The 2-player iterated prisoner's dilemma (2IPD) game is a 2 x 2 non-zero-sum noncooperative game, in which non-zero sum indicates that the benefits obtained by a player are not necessarily the same as the penalties received by another player, and noncooperative indicates that no preplay communication is permitted between the players (Colman 1982, Rapoport 1966). It has been widely studied in such diverse fields as economics, mathematical game theory, political science, and artificial intelligence.
In the prisoner's dilemma, each player has a choice of two operations: either cooperate with the other player, or defect. Payoff to both players is calculated according to Table 16.1. In the iterated prisoner's dilemma (IPD), this step is repeated many times and each player can remember previous steps.

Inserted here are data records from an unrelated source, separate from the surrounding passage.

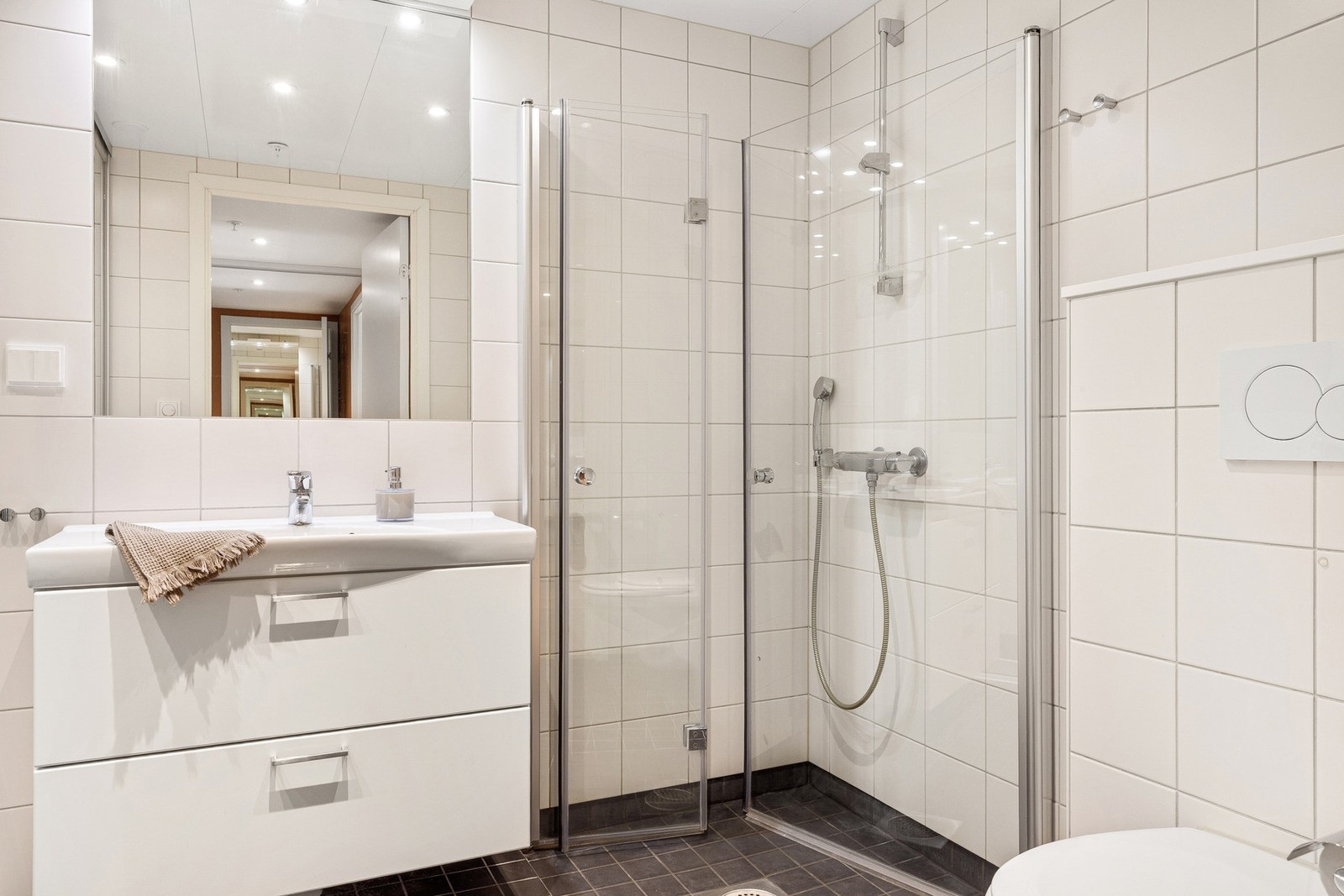 Badet er helfliset med gulvvarme. Galleribilde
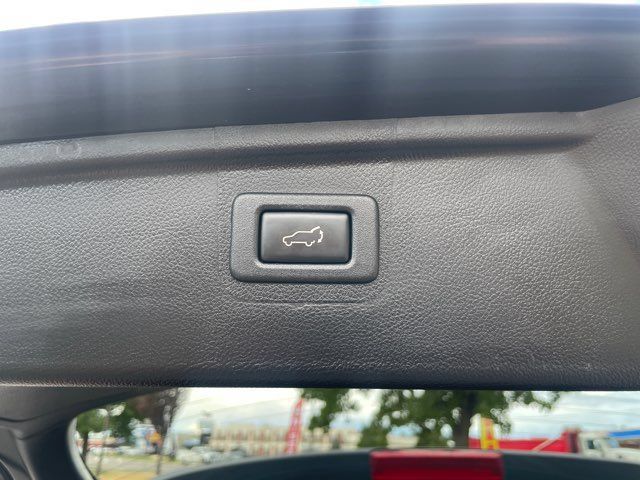 Used 2019 Subaru Outback 3.6R Touring AWD/4WD image 18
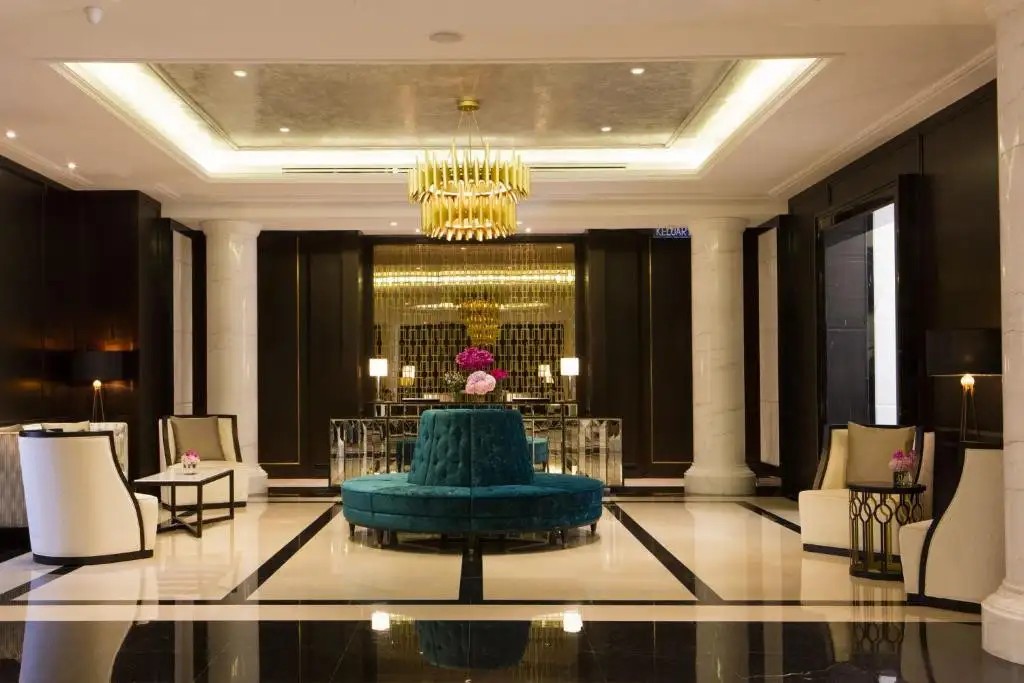 THE RITZ CARLTON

Although the 2IPD has been studied extensively for more than three decades, there are many real-world problems, especially many social and economic ones, that cannot be modeled by the 2IPD. Hardin (1968) described some examples of such problems. More examples can be found in Colman's book (1982, pp. 156-159). The N-player iterated prisoner's dilemma (NIPD) is a more realistic and general game that can model those problems. In comparing the NIPD with the 2IPD, Davis et al. (1976, p. 520) commented that
“[t]he N-player case (NPD) has greater generality and applicability to real-life situations. In addition to the problems of energy conservation, ecology, and overpopulation, many other real-life problems can be represented by the NPD paradigm.”
Colman (1982, p. 142) and Glance and Huberman (1993, 1994) have also indicated that the NIPD is “qualitatively different” from the 2IPD and that “… certain strategies that work well for individuals in the Prisoner's Dilemma fail in large groups.”